Task statement:
Return the listing in full and exactly, but without a single picture.

Dataset content:

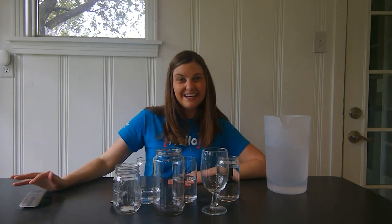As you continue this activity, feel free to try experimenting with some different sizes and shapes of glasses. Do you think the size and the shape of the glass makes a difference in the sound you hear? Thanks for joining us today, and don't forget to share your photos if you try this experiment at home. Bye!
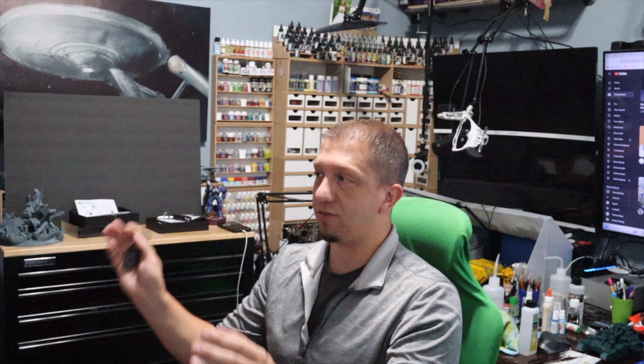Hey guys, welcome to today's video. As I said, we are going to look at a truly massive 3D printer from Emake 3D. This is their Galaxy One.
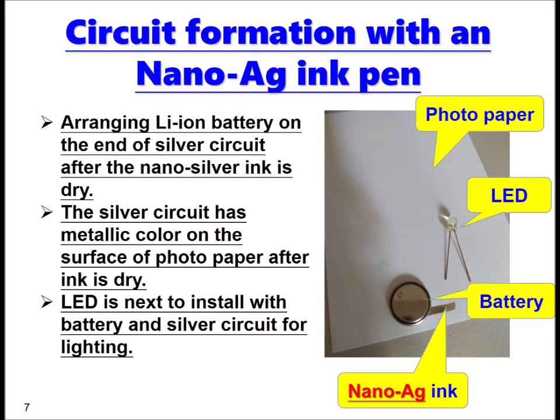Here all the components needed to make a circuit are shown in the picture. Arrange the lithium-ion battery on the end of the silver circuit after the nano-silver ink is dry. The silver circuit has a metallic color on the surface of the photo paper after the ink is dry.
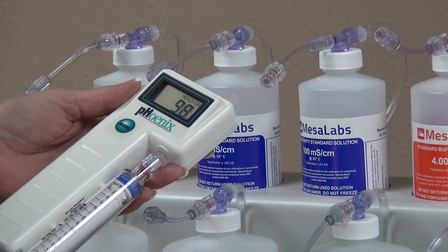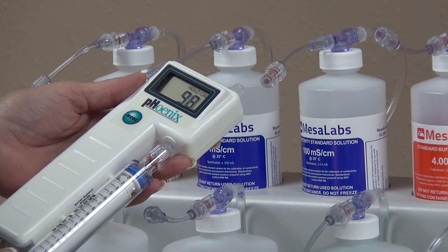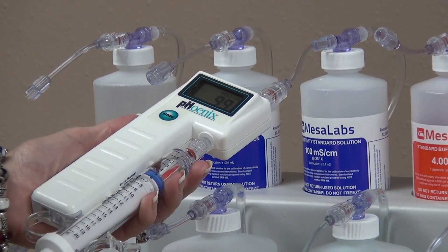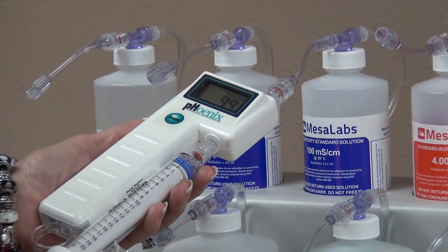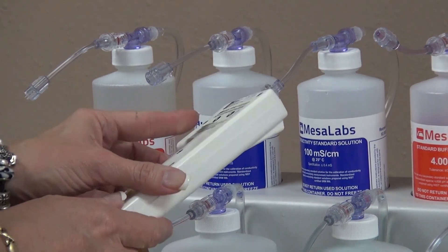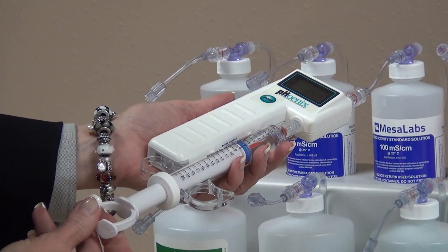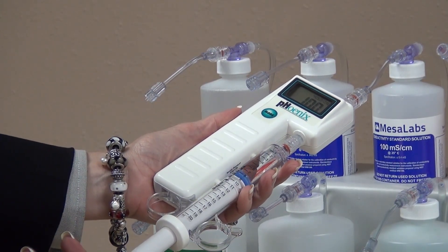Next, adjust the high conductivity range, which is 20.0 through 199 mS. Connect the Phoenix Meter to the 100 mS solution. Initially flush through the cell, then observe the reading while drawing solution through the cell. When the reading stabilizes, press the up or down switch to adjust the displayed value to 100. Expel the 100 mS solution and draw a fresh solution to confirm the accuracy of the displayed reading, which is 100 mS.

Solution to this exercise:
As you continue this activity, feel free to try experimenting with some different sizes and shapes of glasses. Do you think the size and the shape of the glass makes a difference in the sound you hear? Thanks for joining us today, and don't forget to share your photos if you try this experiment at home. Bye!
Hey guys, welcome to today's video. As I said, we are going to look at a truly massive 3D printer from Emake 3D. This is their Galaxy One.
Here all the components needed to make a circuit are shown in the picture. Arrange the lithium-ion battery on the end of the silver circuit after the nano-silver ink is dry. The silver circuit has a metallic color on the surface of the photo paper after the ink is dry.
Next, adjust the high conductivity range, which is 20.0 through 199 mS. Connect the Phoenix Meter to the 100 mS solution. Initially flush through the cell, then observe the reading while drawing solution through the cell. When the reading stabilizes, press the up or down switch to adjust the displayed value to 100. Expel the 100 mS solution and draw a fresh solution to confirm the accuracy of the displayed reading, which is 100 mS.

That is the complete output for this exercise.